I chose one source you put down, I discredited him. Maybe I'll choose another, I'm not sure if it's worth it with you. Why keep arguing with someone who sidesteps arguments? Beyond that, I see little that you've written that hasn't been addressed by actual scientists concerned with actual science. Saying that a scientist is after world renown and that would cause him to make deliberately faulty arguments, is flawed logic. When a scientist is discredited or shown to use sloppy work to come up with results just for a paycheck, is worse off than having no renown at all. I came up with a motive for your scientist that has both the funds to supply the money with that scientist for the fucked up "research" he does and the financial motive for wanting a particular result. Running around the argument does not support your case. Asking me to look up the other questionable sources one by one as you go find more and as you show yourself to be cemented in whatever you believe to be true, would be a futile chase for me to pursue.
Bushanomics
15-09-2005, 23:40
I'm bush like. The president said that global warming does not exist the first day of office. The president is the smartest man in the world. Global warming was invinted by the Laberals to try to get votes and the last two elections showed that didnt work. Its great when you brother is governor of the state in question. He he he he he he he.
I'm bush like. The president said that global warming does not exist the first day of office. The president is the smartest man in the world. Global warming was invinted by the Laberals to try to get votes and the last two elections showed that didnt work. Its great when you brother is governor of the state in question. He he he he he he he.He's changed his mind. He's even come so far as to say that it is influenced by human behavior and that it can affect everyone in the world.
Desperate Measures
15-09-2005, 23:51
According to SEPP associate Candace Crandall, these petitions show that "the number of scientists refuting global warming is growing." [11] However, people who have examined the petitions challenge that conclusion, pointing out that:
The 1992 "Statement by Atmospheric Scientists" is more than a decade old and only has 46 signers.
The Heidelberg Appeal actually does not say anything about global warming.
Most of the signers of the Leipzig Declarations are non-scientists or lack credentials in the specific field of climate research.
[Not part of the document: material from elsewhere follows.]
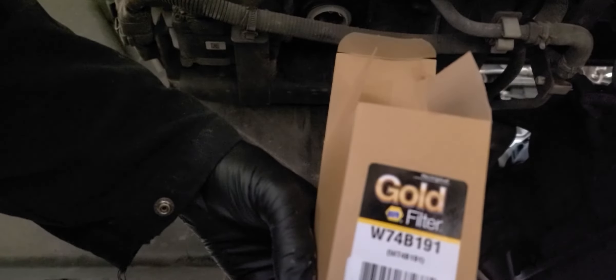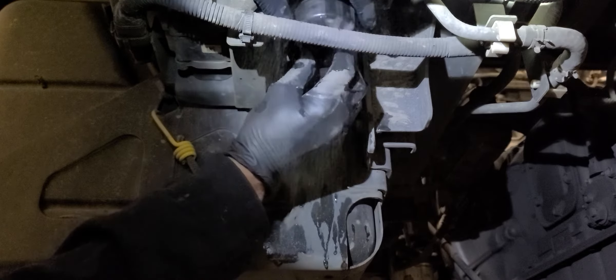It'll go back in here. Pretty good. Put that back on and tighten it back up — inch and a sixteenth wrench.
Many of the signers of the Oregon Petition are also non-scientists or lack relevant scientific backgrounds
Such an examination has been undertaken by Danish Broadcasting Company (DR1) journalist, Øjvind Hesselager (2). In late 1997 he attempted to contact every signatory (82 at the time) to the "Leipzig Declaration." Of 33 European signatories:
there were four he was unable to locate
twelve denied having signed, and of these, some had not even heard of the "Leipzig Declaration"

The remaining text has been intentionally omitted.